Jakarta – Aktor Hollywood Dwayne Johnson mengungkapkan pengalamannya saat menemukan benjolan pada bagian testis yang sempat membuatnya khawatir mengidap kanker testis. Namun setelah menjalani pemeriksaan medis, pria yang dikenal dengan julukan The Rock itu diduga mengalami epididimitis.
Dalam wawancaranya dengan Esquire, Dwayne Johnson mengaku pertama kali menyadari adanya benjolan saat mandi. Benjolan tersebut terasa nyeri ketika disentuh sehingga menimbulkan kekhawatiran terhadap kondisi kesehatannya.
Hasil pemeriksaan dokter menunjukkan bahwa aktor berusia 54 tahun itu kemungkinan mengalami epididimitis, yakni peradangan pada epididimis, saluran yang berada di bagian belakang testis dan berfungsi menyimpan serta membawa sperma.
Kondisi ini dapat menimbulkan sejumlah gejala seperti nyeri, pembengkakan, hingga peradangan pada area testis.
Mengutip Cleveland Clinic, epididimitis terbagi menjadi dua jenis, yaitu akut dan kronis. Epididimitis akut umumnya muncul secara tiba-tiba dengan gejala yang cepat memburuk dan paling sering disebabkan oleh infeksi bakteri.
Sementara itu, epididimitis kronis berlangsung selama enam minggu atau lebih. Gejalanya cenderung lebih ringan dibandingkan kasus akut, meski rasa nyeri dapat muncul dan menghilang secara berkala.
Beberapa gejala epididimitis yang umum terjadi meliputi:
- Nyeri pada testis yang menjalar hingga ke area selangkangan.
- Pembengkakan pada testis.
- Demam.
- Nyeri saat buang air kecil.
- Adanya darah pada air mani.
Infeksi menular seksual (IMS) seperti gonore dan klamidia menjadi penyebab epididimitis yang paling sering ditemukan. Selain itu, kondisi ini juga dapat dipicu oleh aliran balik urine yang terinfeksi menuju epididimis melalui saluran ejakulasi. Bakteri E. coli termasuk salah satu penyebab yang cukup umum.

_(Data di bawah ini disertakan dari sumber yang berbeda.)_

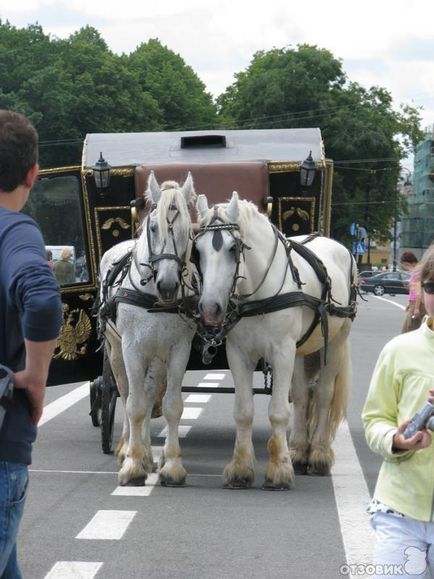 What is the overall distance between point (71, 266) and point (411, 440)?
855cm

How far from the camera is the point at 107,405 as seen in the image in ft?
36.2

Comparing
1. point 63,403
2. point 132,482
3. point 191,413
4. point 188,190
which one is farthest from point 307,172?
point 63,403

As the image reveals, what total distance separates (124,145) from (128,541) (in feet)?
20.0

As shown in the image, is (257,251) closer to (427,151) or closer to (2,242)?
(2,242)

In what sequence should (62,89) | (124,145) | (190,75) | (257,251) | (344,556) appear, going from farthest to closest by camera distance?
(190,75)
(62,89)
(124,145)
(257,251)
(344,556)

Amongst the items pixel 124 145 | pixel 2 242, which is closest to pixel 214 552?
pixel 2 242

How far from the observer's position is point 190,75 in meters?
95.4

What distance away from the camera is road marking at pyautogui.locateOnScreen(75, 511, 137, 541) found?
773 centimetres

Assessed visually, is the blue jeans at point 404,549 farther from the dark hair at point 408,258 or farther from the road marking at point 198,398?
the road marking at point 198,398

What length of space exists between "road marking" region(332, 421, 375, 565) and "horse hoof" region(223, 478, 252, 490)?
0.59 meters

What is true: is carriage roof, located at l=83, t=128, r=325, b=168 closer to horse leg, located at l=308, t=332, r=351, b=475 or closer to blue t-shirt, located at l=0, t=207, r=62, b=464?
horse leg, located at l=308, t=332, r=351, b=475

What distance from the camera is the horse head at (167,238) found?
361 inches

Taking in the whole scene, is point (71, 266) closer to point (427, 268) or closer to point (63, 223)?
point (63, 223)

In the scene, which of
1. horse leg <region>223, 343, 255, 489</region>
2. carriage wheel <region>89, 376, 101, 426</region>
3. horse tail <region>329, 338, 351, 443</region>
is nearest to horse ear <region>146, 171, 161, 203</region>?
horse leg <region>223, 343, 255, 489</region> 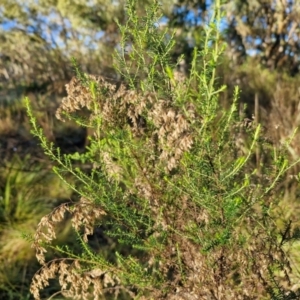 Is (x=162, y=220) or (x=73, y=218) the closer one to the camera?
(x=73, y=218)

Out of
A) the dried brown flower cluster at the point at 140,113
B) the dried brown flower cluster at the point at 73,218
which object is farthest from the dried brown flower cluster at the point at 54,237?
the dried brown flower cluster at the point at 140,113

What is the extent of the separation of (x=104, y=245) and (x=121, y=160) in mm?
2407

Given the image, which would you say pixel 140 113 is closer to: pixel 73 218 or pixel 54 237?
pixel 73 218

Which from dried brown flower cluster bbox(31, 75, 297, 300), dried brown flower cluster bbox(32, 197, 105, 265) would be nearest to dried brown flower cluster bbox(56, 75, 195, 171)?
dried brown flower cluster bbox(31, 75, 297, 300)

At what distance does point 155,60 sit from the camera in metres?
1.95

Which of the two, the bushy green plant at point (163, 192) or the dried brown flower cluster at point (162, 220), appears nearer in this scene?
the bushy green plant at point (163, 192)

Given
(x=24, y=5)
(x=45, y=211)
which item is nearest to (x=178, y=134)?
(x=45, y=211)

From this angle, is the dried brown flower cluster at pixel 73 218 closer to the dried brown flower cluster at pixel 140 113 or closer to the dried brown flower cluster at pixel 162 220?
the dried brown flower cluster at pixel 162 220

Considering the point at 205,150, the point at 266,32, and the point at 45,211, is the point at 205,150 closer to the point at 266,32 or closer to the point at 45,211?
the point at 45,211

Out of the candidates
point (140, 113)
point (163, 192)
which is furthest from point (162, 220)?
point (140, 113)

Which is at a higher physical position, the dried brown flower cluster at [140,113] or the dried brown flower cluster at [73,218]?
the dried brown flower cluster at [140,113]

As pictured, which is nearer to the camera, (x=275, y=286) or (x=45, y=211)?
(x=275, y=286)

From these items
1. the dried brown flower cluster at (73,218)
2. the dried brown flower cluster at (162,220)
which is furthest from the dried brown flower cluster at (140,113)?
the dried brown flower cluster at (73,218)

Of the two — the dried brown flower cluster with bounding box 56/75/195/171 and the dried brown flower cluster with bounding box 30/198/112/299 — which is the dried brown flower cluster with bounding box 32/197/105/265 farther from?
the dried brown flower cluster with bounding box 56/75/195/171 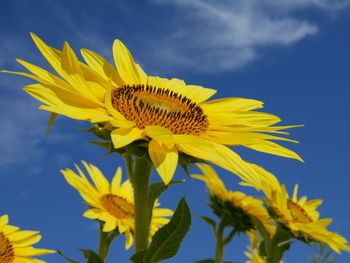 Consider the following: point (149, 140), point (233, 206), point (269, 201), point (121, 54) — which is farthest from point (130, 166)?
point (233, 206)

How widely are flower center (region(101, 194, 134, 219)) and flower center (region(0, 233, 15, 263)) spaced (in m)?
0.96

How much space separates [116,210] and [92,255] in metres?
2.21

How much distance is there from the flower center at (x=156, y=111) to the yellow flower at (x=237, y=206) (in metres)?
2.41

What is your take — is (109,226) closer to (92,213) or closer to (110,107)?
(92,213)

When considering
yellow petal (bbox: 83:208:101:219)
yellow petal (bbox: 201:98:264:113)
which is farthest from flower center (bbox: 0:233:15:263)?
yellow petal (bbox: 201:98:264:113)

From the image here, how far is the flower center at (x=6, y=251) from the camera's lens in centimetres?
433

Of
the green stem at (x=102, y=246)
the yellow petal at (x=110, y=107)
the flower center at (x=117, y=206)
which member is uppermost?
the flower center at (x=117, y=206)

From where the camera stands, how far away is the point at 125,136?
2447mm

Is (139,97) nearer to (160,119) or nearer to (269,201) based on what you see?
(160,119)

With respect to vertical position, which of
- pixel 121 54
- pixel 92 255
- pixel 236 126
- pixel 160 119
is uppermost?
pixel 121 54

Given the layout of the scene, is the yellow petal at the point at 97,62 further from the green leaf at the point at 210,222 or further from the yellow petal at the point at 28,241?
the green leaf at the point at 210,222

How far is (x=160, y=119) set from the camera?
2.96 m

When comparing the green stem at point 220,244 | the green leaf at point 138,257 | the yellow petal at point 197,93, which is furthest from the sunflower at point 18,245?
the green leaf at point 138,257

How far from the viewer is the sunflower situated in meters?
4.39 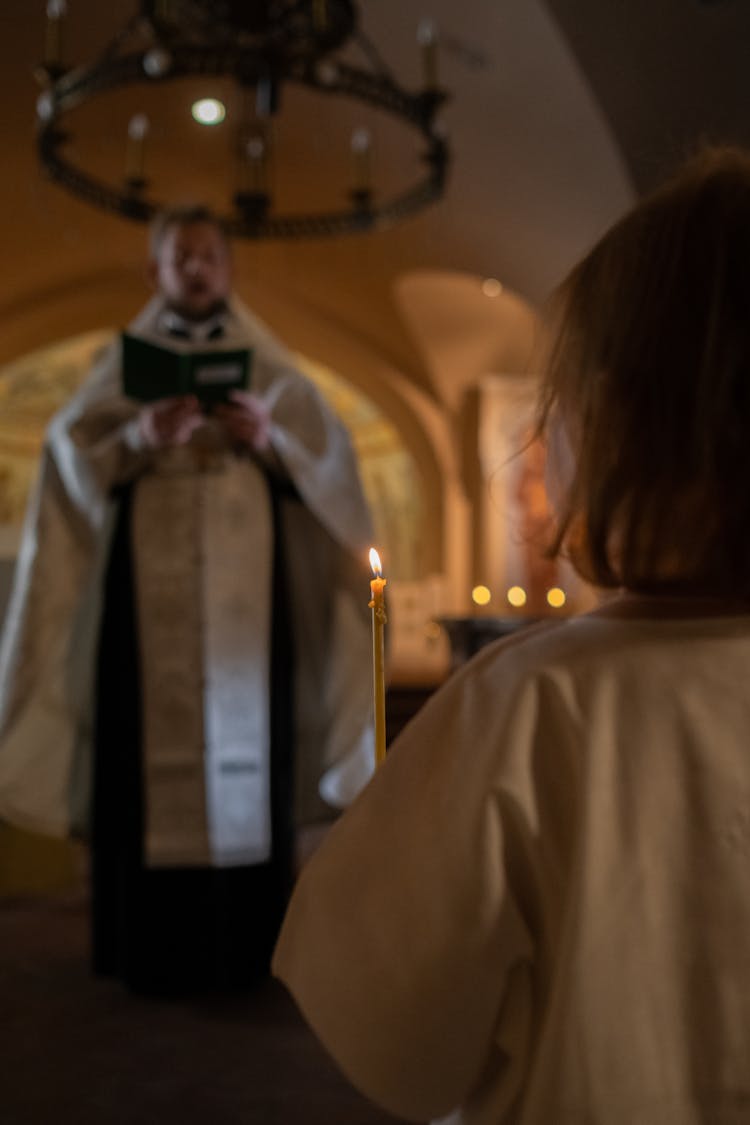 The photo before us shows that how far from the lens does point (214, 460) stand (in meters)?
3.35

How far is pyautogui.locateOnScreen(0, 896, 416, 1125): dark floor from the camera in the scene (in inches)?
92.0

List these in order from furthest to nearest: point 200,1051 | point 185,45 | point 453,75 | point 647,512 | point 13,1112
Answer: point 453,75 < point 185,45 < point 200,1051 < point 13,1112 < point 647,512

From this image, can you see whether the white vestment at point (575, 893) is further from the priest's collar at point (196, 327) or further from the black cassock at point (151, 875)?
the priest's collar at point (196, 327)

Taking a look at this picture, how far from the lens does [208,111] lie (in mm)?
6934

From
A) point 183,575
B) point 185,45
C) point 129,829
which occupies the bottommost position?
point 129,829

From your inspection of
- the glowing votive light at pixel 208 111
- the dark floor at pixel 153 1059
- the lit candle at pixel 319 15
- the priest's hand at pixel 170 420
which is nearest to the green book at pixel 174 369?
the priest's hand at pixel 170 420

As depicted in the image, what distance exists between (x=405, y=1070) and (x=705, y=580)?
0.44 metres

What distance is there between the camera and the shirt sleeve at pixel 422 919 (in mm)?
840

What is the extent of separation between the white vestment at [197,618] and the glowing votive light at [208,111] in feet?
12.7

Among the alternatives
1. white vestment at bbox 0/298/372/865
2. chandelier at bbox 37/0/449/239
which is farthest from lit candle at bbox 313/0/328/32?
white vestment at bbox 0/298/372/865

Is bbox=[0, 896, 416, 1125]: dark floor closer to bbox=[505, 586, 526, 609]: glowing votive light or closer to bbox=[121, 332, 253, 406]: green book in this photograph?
bbox=[121, 332, 253, 406]: green book

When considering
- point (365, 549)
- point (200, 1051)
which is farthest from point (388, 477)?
point (200, 1051)

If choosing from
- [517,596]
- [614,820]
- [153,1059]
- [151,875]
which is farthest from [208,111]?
[614,820]

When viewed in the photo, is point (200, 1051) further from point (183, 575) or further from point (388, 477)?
point (388, 477)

Perbedaan Epididimitis dan Kanker Testis
Pengalaman tersebut sempat membuat Dwayne Johnson khawatir menderita kanker testis. Kekhawatiran itu muncul karena sejumlah gejala epididimitis memang memiliki kemiripan dengan kanker testis.
Kedua kondisi tersebut sama-sama dapat menyebabkan pembengkakan pada skrotum, rasa tidak nyaman, serta munculnya benjolan yang dapat dirasakan saat pemeriksaan fisik.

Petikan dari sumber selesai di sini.